═════ Input

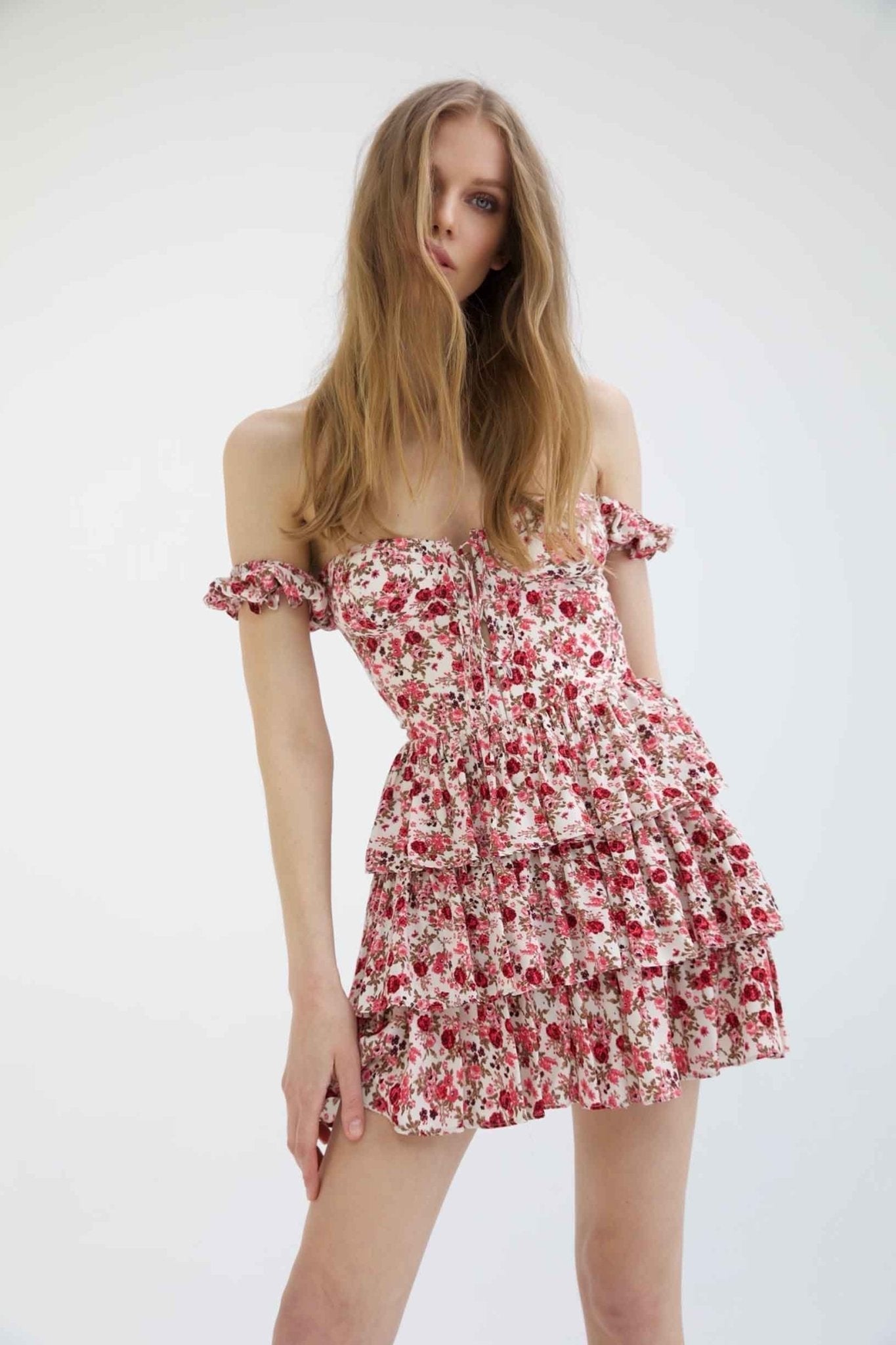 Minikleid Mit Lagendesign Und Bedrucktem Oberteil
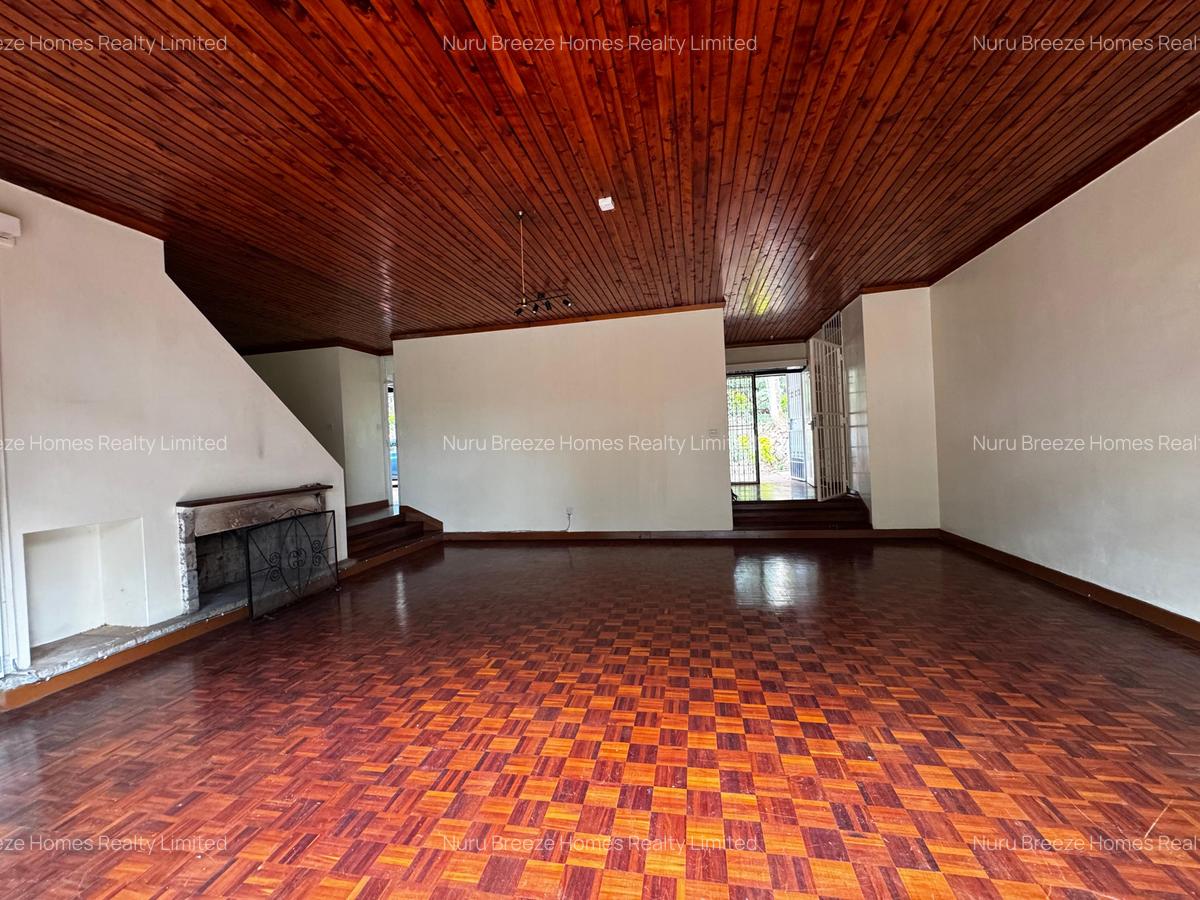 4 Bed House with En Suite in Loresho - 2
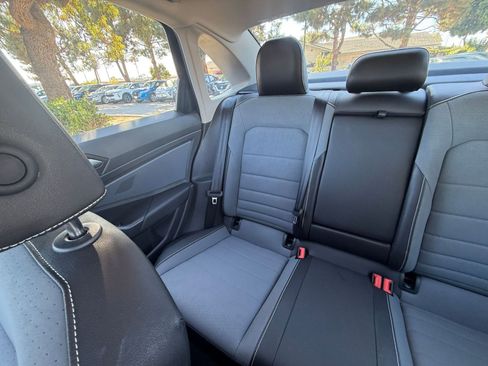 Used 2025 Volkswagen Jetta SE image 35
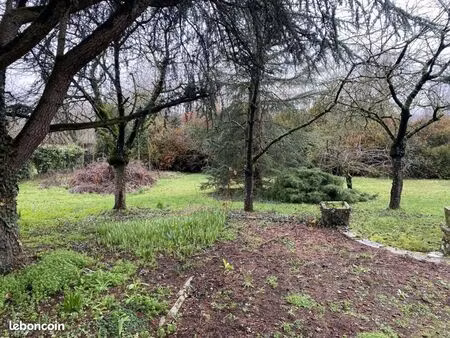 terrain 400 m² crosne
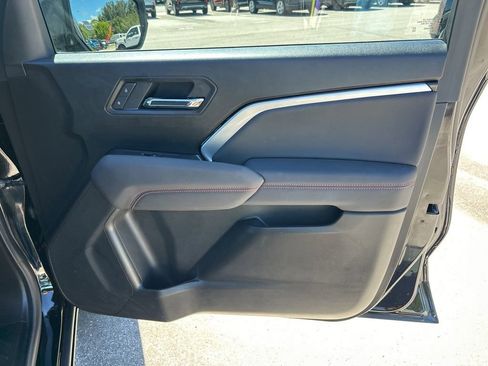 Used 2025 Chevrolet Colorado Z71 w/ Technology Package image 35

══════════

Each line from the one containing "terrain 400 m² crosne" through the final line of the data must be reproduced exactly, both ends included, with no pictures in the copy.

*Problem solution:*
 terrain 400 m² crosne
 Used 2025 Chevrolet Colorado Z71 w/ Technology Package image 35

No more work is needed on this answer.